_Work to be completed:_
Your answer must consist solely of the lines from the start of the entries below through the line with "Women With And Without Makeup (23 pics)", unchanged.

_Records shown:_
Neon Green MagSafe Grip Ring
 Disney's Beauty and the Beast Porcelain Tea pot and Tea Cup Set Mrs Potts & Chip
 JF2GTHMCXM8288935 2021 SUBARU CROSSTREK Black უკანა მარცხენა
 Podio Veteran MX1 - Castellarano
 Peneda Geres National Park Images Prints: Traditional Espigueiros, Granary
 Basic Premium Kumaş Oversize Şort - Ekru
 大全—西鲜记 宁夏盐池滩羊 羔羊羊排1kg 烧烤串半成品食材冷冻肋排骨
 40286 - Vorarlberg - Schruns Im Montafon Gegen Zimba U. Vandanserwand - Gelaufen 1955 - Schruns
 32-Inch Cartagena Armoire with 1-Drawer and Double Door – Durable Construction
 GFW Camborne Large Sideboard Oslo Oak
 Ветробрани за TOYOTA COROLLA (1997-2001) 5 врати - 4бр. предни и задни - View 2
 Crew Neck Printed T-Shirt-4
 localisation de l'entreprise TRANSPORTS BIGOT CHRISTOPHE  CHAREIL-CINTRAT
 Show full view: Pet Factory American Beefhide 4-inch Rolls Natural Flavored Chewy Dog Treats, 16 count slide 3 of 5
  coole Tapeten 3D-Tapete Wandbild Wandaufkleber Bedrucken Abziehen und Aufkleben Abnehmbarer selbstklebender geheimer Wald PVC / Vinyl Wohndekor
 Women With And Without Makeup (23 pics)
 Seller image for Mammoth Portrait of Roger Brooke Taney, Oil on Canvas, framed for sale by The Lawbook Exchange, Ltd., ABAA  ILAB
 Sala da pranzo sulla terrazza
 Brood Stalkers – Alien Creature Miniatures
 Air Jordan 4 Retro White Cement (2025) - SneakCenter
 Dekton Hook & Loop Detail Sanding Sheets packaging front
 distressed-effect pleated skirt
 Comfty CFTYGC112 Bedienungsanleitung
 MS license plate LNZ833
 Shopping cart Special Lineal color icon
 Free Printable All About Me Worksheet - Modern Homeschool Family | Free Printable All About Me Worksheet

_Output:_
Neon Green MagSafe Grip Ring
 Disney's Beauty and the Beast Porcelain Tea pot and Tea Cup Set Mrs Potts & Chip
 JF2GTHMCXM8288935 2021 SUBARU CROSSTREK Black უკანა მარცხენა
 Podio Veteran MX1 - Castellarano
 Peneda Geres National Park Images Prints: Traditional Espigueiros, Granary
 Basic Premium Kumaş Oversize Şort - Ekru
 大全—西鲜记 宁夏盐池滩羊 羔羊羊排1kg 烧烤串半成品食材冷冻肋排骨
 40286 - Vorarlberg - Schruns Im Montafon Gegen Zimba U. Vandanserwand - Gelaufen 1955 - Schruns
 32-Inch Cartagena Armoire with 1-Drawer and Double Door – Durable Construction
 GFW Camborne Large Sideboard Oslo Oak
 Ветробрани за TOYOTA COROLLA (1997-2001) 5 врати - 4бр. предни и задни - View 2
 Crew Neck Printed T-Shirt-4
 localisation de l'entreprise TRANSPORTS BIGOT CHRISTOPHE  CHAREIL-CINTRAT
 Show full view: Pet Factory American Beefhide 4-inch Rolls Natural Flavored Chewy Dog Treats, 16 count slide 3 of 5
  coole Tapeten 3D-Tapete Wandbild Wandaufkleber Bedrucken Abziehen und Aufkleben Abnehmbarer selbstklebender geheimer Wald PVC / Vinyl Wohndekor
 Women With And Without Makeup (23 pics)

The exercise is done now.